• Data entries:
Content starts

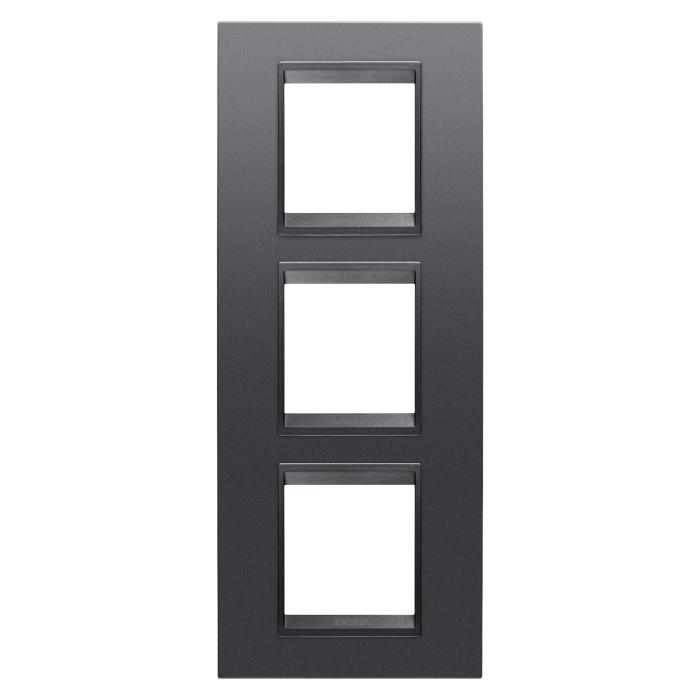 Рамка Chorusmart LUX 2+2+2M вертикальна сланець абсолют GEWISS [GW16227YA]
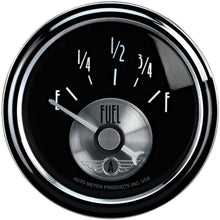 Auto Meter 2014 Prestige Black 2-1/16" 0-90 Ohm Fuel Level Gauge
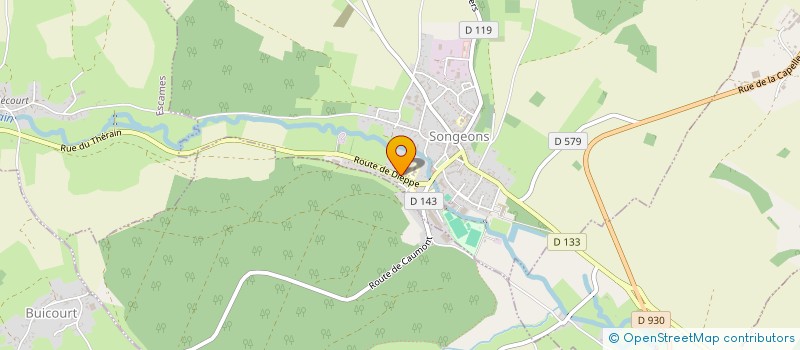 localisation de l'entreprise SCI MARGAUX  SONGEONS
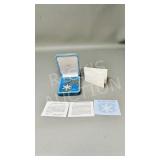 Franklin Mint Crystal & sterling  necklace set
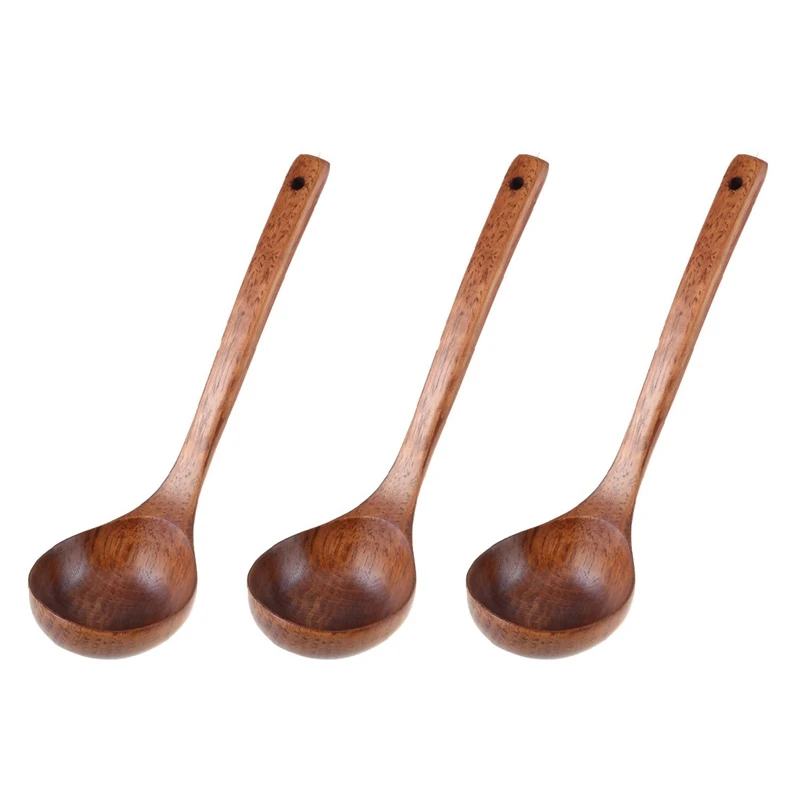 3X Kitchen Cooking Straight Handle Wooden Wood Soup Scoop Spoon Ladle Brown 11 Inch Long
3X Kitchen Cooking Straight Handle Wooden Wood Soup Scoop Spoon Ladle Brown 11 Inch Long
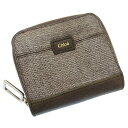 【中古】 クロエ Chloe ラウンドファスナー財布 二つ折り グレイ×カーキ レディース メンズ ユニセックス サイフ 小物 ブランド 人気 贈り物 財布 収納 在庫一掃 迅速発送 在庫処分 男性 女性 良品 春 1点物 E400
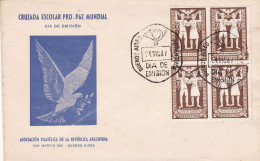 Argentina - 1947 - FDC - Pro World Peace Crusade - Argentine Philatelic Association -  Caja 30 - FDC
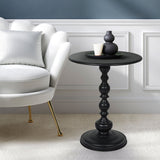 Ignatia Side Table Vintage End Round - Black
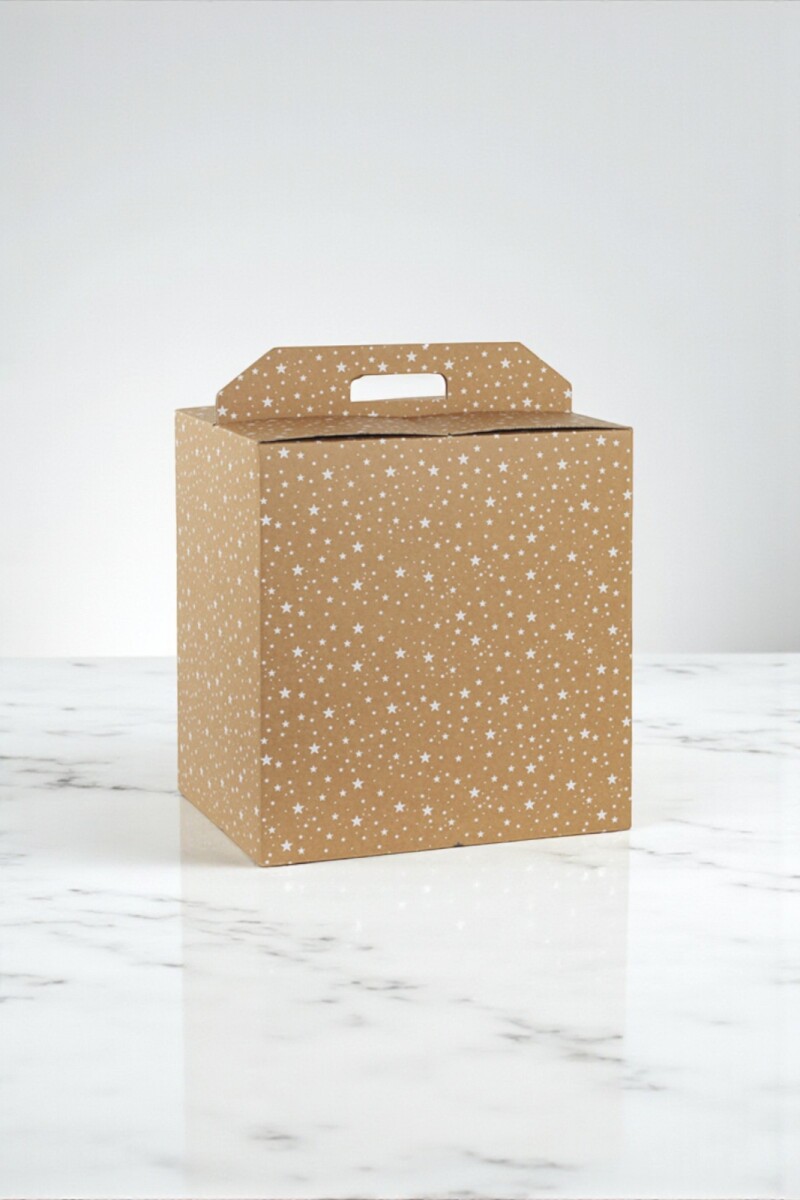 Porta panettone + botella. 33x25x35 cm - 36542 - GALAXY 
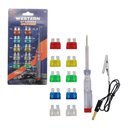 Ver imagem 2 de Jogo de Fusiveis Automotivo Western com 12 Pecas + Chave Teste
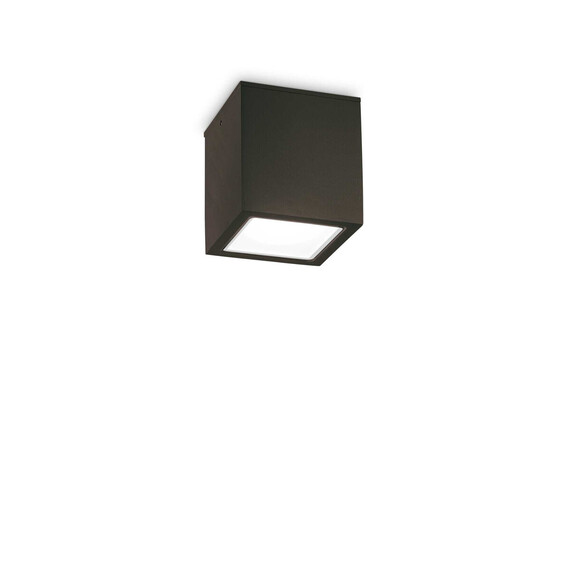 Външен плафон TECHO PL1 D09 SQUARE NERO 251578 Ideal Lux 1xGU10 IP54 | Osvetlenieto.bg
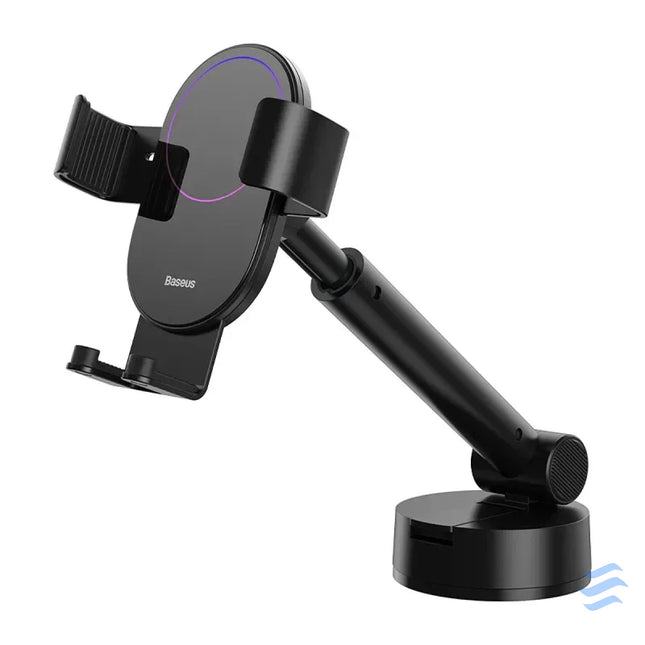 Gravity car mount for Baseus Tank phone with suction cup (black) Phone holders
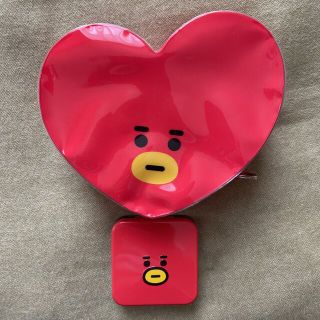 ビーティーイシビル(BT21)のBT21 TATA  フェイスポーチ スクエアカン  セット(キャラクターグッズ)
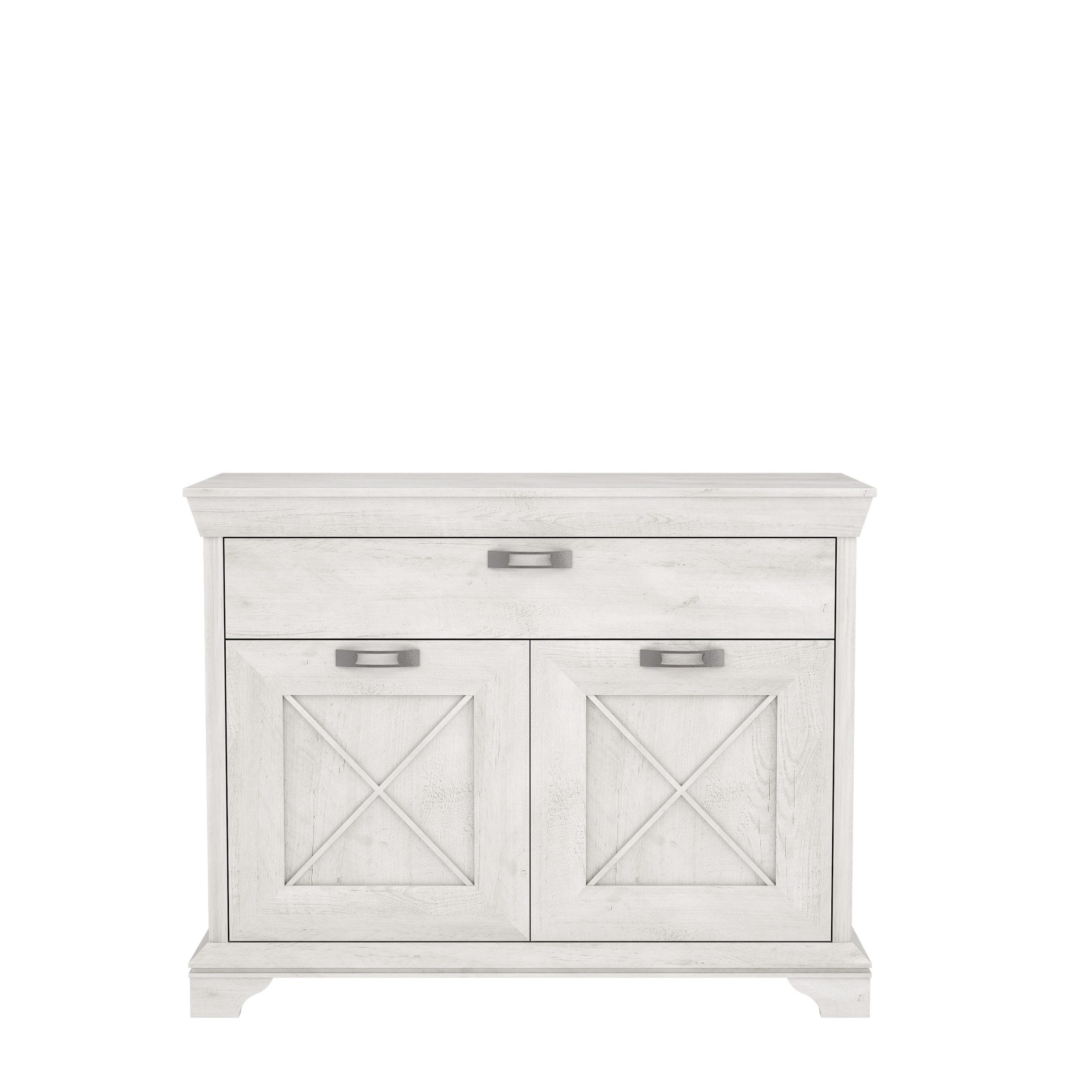 freiraum Kommode Kashmir, in weiß,beige - 123,3x95,9x48,2cm (BxHxT)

Content ends

• REQUIREMENT: Your answer must be the lines from the one containing "良品 春 1点物 E400" through the last line of the records, printed exactly with no pictures; please include both ends.

• COMPLETED TASK:
 【中古】 クロエ Chloe ラウンドファスナー財布 二つ折り グレイ×カーキ レディース メンズ ユニセックス サイフ 小物 ブランド 人気 贈り物 財布 収納 在庫一掃 迅速発送 在庫処分 男性 女性 良品 春 1点物 E400
 Argentina - 1947 - FDC - Pro World Peace Crusade - Argentine Philatelic Association -  Caja 30 - FDC
 Ignatia Side Table Vintage End Round - Black
 Porta panettone + botella. 33x25x35 cm - 36542 - GALAXY 
 Ver imagem 2 de Jogo de Fusiveis Automotivo Western com 12 Pecas + Chave Teste
 Външен плафон TECHO PL1 D09 SQUARE NERO 251578 Ideal Lux 1xGU10 IP54 | Osvetlenieto.bg
 Gravity car mount for Baseus Tank phone with suction cup (black) Phone holders
 ビーティーイシビル(BT21)のBT21 TATA  フェイスポーチ スクエアカン  セット(キャラクターグッズ)
 freiraum Kommode Kashmir, in weiß,beige - 123,3x95,9x48,2cm (BxHxT)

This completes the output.